A company seeking listing has to go through a multi-step selection progress. The first step is to get approval from the CSRC, which is the overseer of the entire process. After this first step another approval is necessary from the relevant local and national authorities. The next step is an inspection by the listing committees of the relevant stock exchange (Aharony et al, 2000). After the approvals, the IPO has to be officially announced by the company or underwriter. The CSRC also determines which companies are selected to go public, and the same goes for the amount of shares issued. In contrast to, for example, the Securities and Exchange commission in the United States, the CSRS is not independent, it functions as a ministry of the Chinese state (Chan et al, 2004).

2.2.2 Pricing

Kimbro (2005) explains that the prices of new shares in China are also determined by the CSRC. From 1993 to 1999 the prices for IPOs were “fixed.” The prices were set around a multiplication of 13-15 times the earnings per share (EPS). In July 1999, a new method was introduced by the CSRC: the cumulative auction method (Cheung et al,2009) In this method, underwriters determine a price by setting a price range and then seek investors within that range. The idea was the method should bring IPO pricing more in line with the demand of investors. This works well for developed markets, but did not work for the Chinese stock market because high underpricing continued.

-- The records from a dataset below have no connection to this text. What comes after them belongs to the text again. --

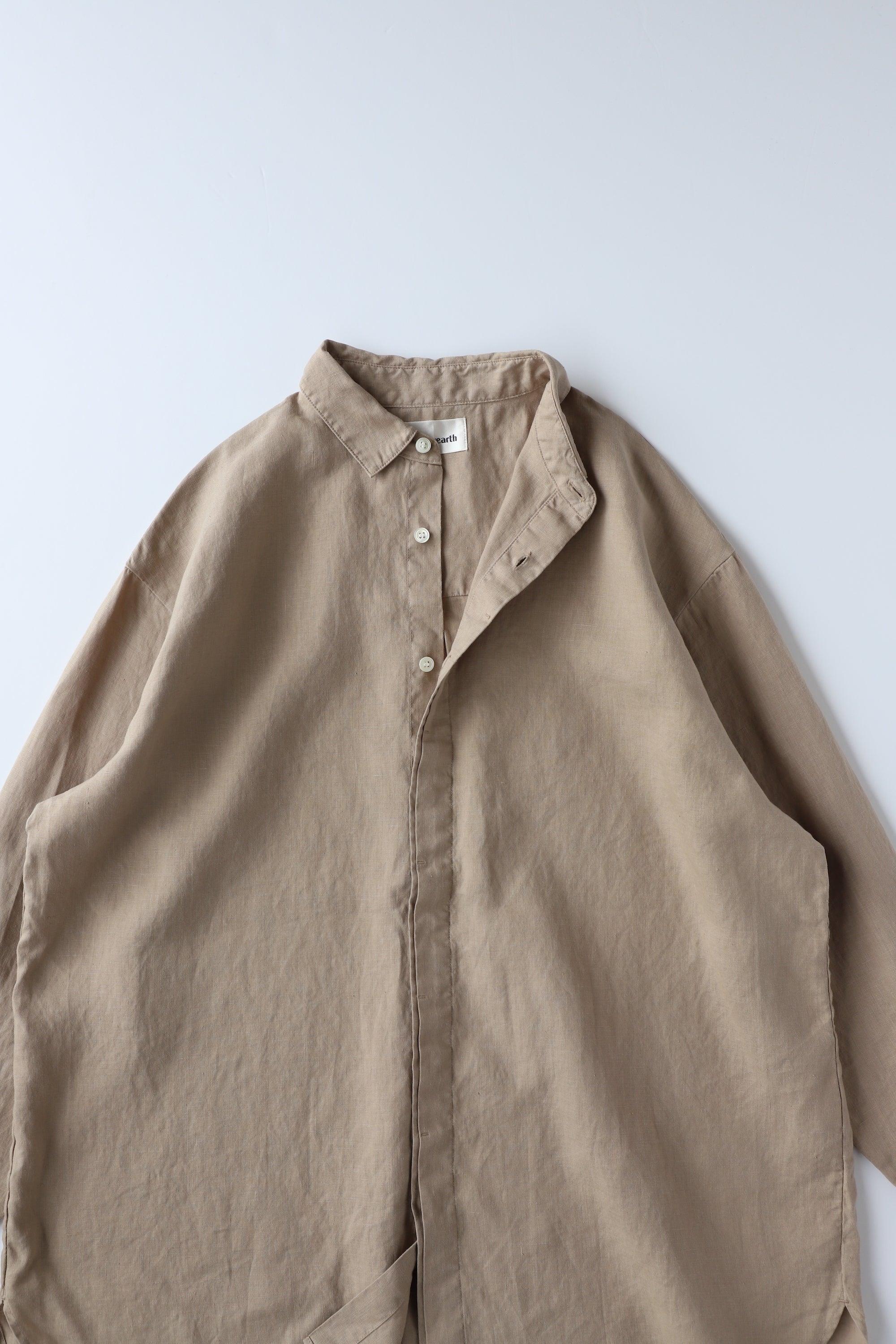 ヘンプショップシャツ WE2301G003 Beige 詳細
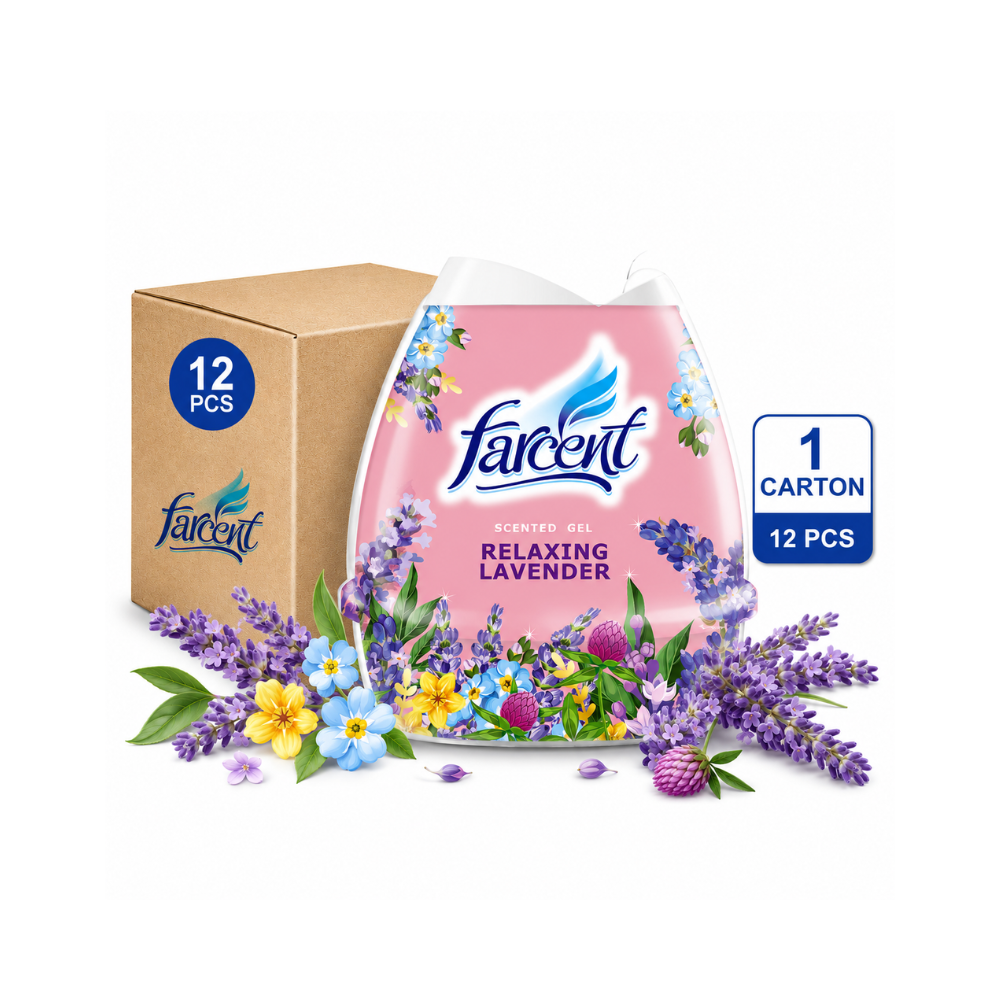 Farcent Scented Gel Relaxing Lavender (200g x 12units)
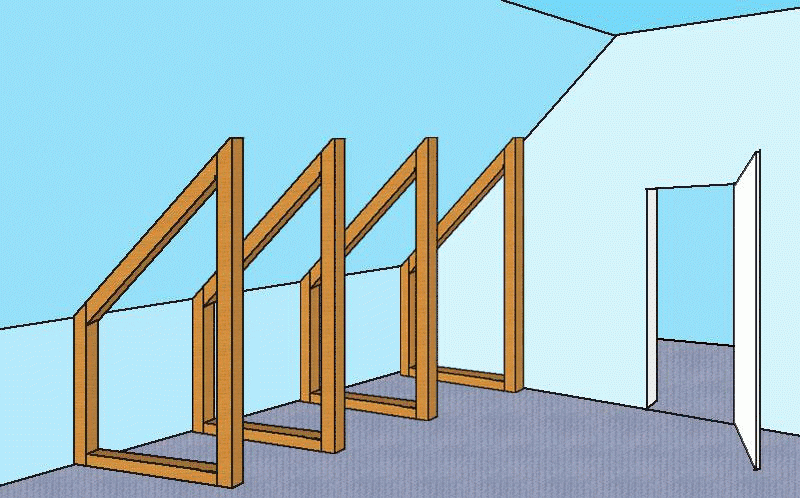 Schrank Dachschräge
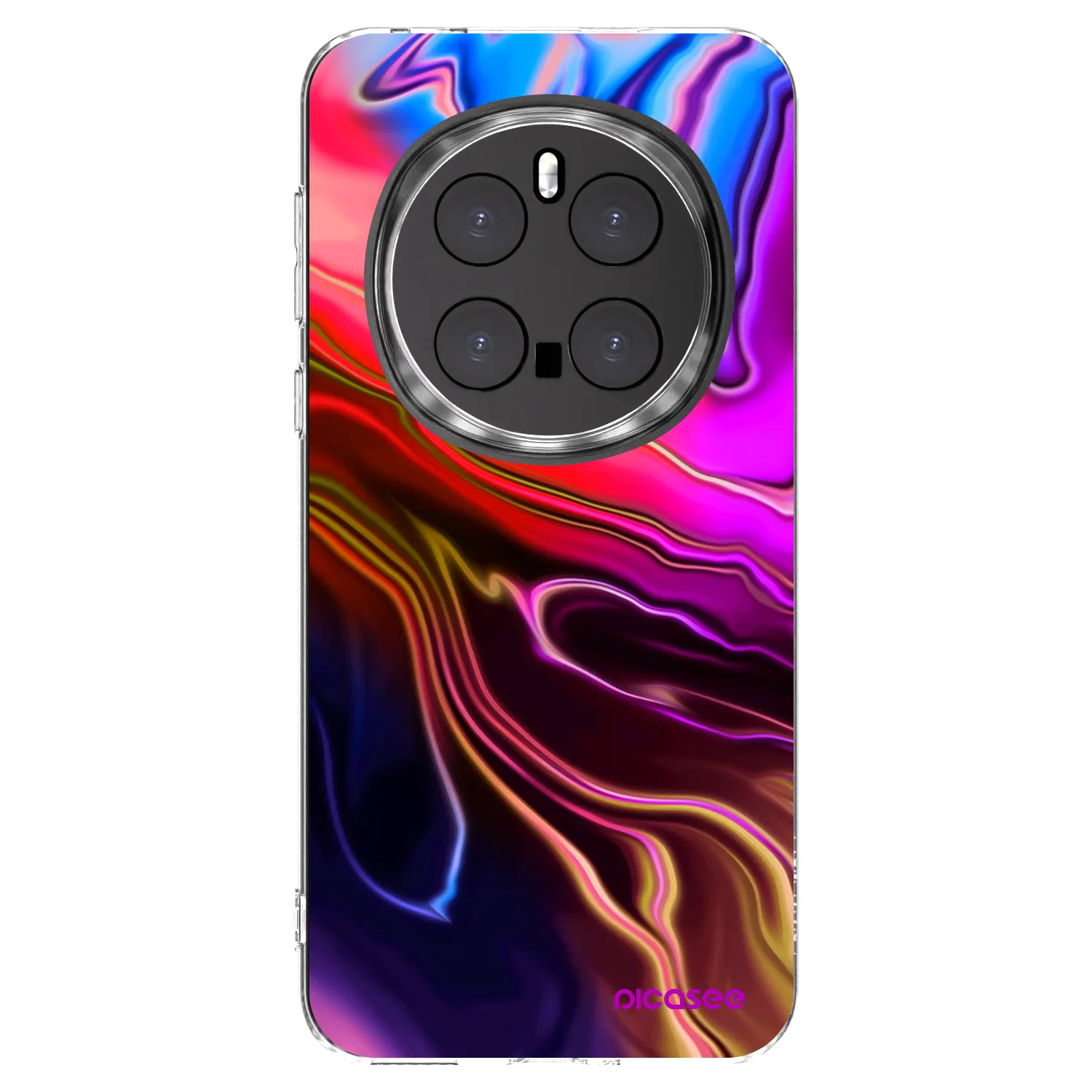 Picasee διαφανής θήκη σιλικόνης Honor Magic7 Pro 5G - Electric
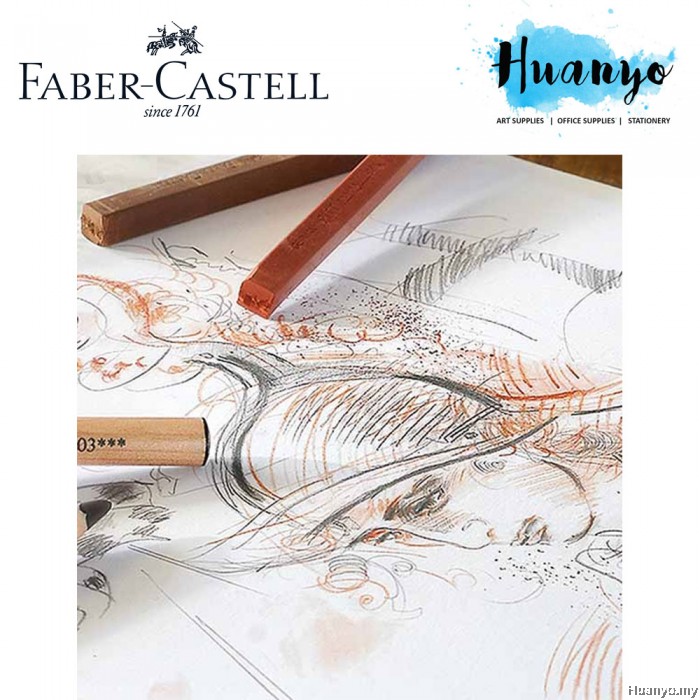 FABER-CASTELL PITT MONOCHROME Estuche De Metal Con 24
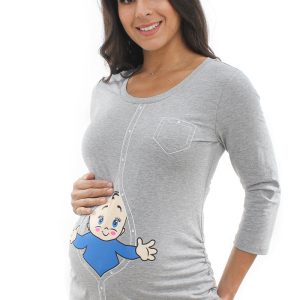 PLAYERA CON ESTAMPADO DE BEBÉ "BOY"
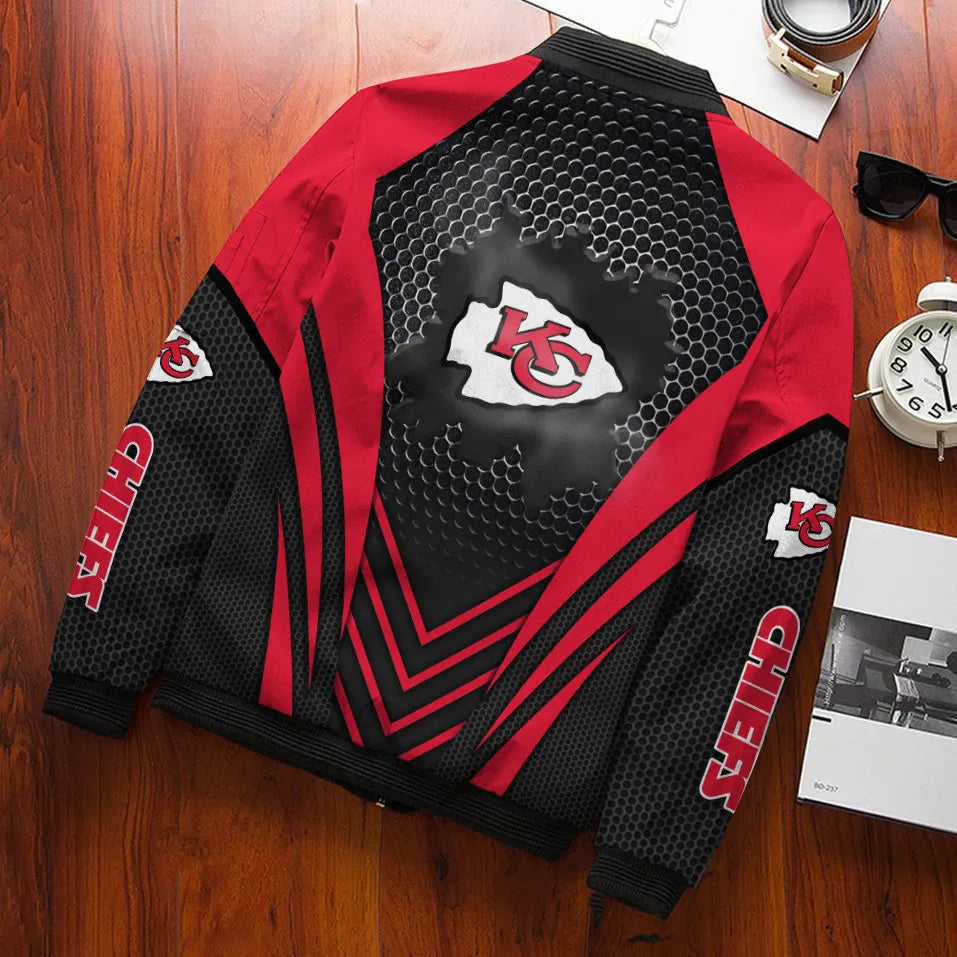Kansas City Chiefs Bomber Jacket 814
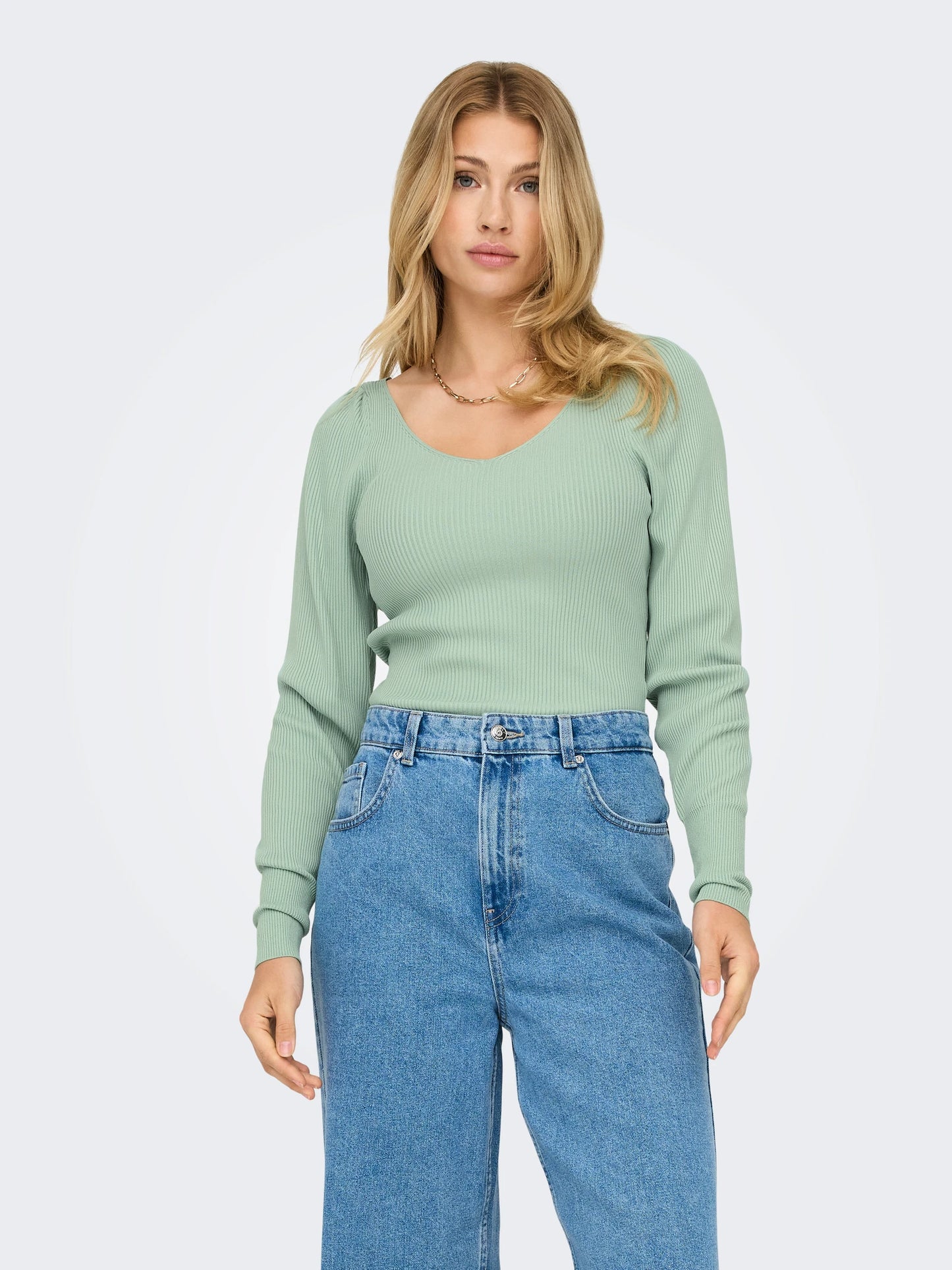 ONLY LEELO Topp Turkos/Aqua Grey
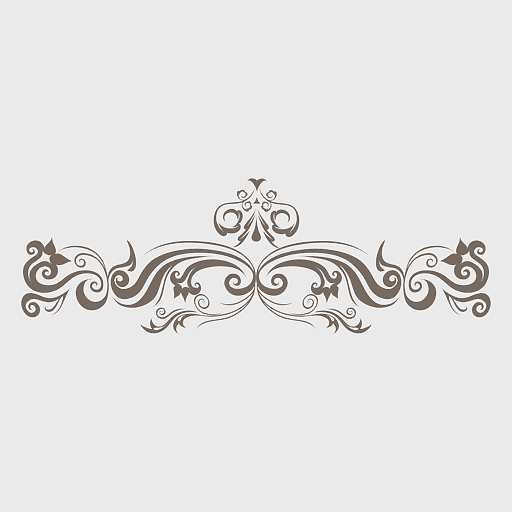 arabesco ornament design, black and white decorative arts, corelDRAW visual elements, ornamental art patterns, intricate swirl motifs, elegant filigree designs, vintage embellishments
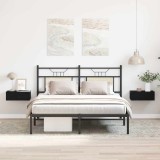 vidaXL Noptiere plutitoare 2 buc. stejar negru 40x32x15 cm lemn stratificat 862417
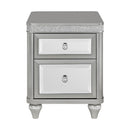 Avril Chairside Table with Power/USB in Silver - Michael's Discount Furniture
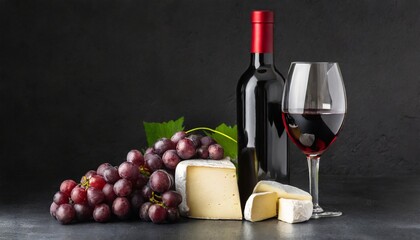 red wine and cheese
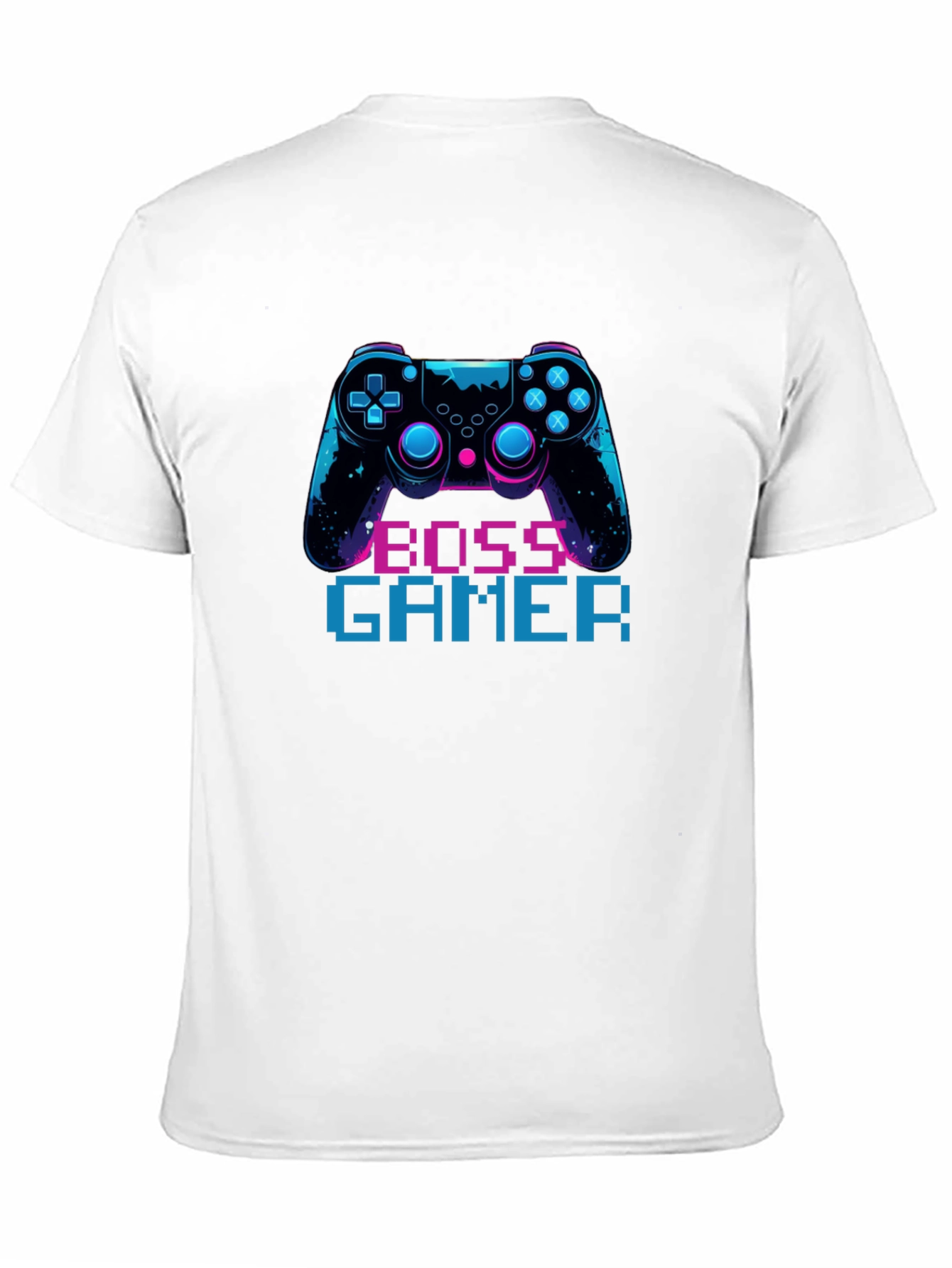 Boss Gamer Black T-Shirt - Console Design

In 2000 the cumulative auction method caused more underpriced IPOs. In 2001, the cumulative auction method was adjusted to cool down IPOs that had an extremely high EPS ratio, by setting an upper limit. This restriction was subject to all industries; although every industry is different, the CSRC ignored the different characteristics of each industry. In 2005 the cumulative price inquiry from the institutional investor method was introduced. With this method, underwriters are allowed to seek demand from institutional investors.

In 2010 China introduced the so-called Book-Building system, which had become dominant across the world at that time. The Book-Building system was introduced and the somewhat fixed-price systems were abandoned, which was a significant step for China. The purpose of this system was to make the offer price more accurate and deal with the extreme underpricing in the Chinese market (Linh et al, 2013).

(10)

9

2.3 IPO underpricing in China

The limited supply of shares (see chapter 2.1.2) causes a spike in demand when a new IPO is announced. This increased demand results in a price increase on the first trading day, also known as underpricing (Chan et al, 2004). The previously mentioned initial return of 247% calculated by Tian (2011) is not the only study reporting such extreme returns. The most extreme first day return measured in the Chinese stock market is 949% (Su and Fleisher, 1999). The table below contains a summary of the most important papers on underpricing in China, with initial returns ranging from 145% to 949%. Practically every study on IPO underpricing in China reports this is a short-term phenomenon, and the shares do not outperform the market in the long run. The average initial return in emerging markets is 60%, which is lower than the returns measured in China (Jenkinson & Ljungqvist, 2001).

Table 1: Summary of existing literature

Papers Average initial return

Mok and Hui (1998) 289%

Kim, Rui, and Xu (1999) 594%

Su and Fleisher (1999) 949%

Chau et al (1999) 546%

Chen, Firth an Kim (2000) 546%

Chi and Padgett (2002) 127%

Chen et al (2004) 145%

Tian (2003) 267%

Source: Ting and Tse (2006). (Initial return is the first day return of the share)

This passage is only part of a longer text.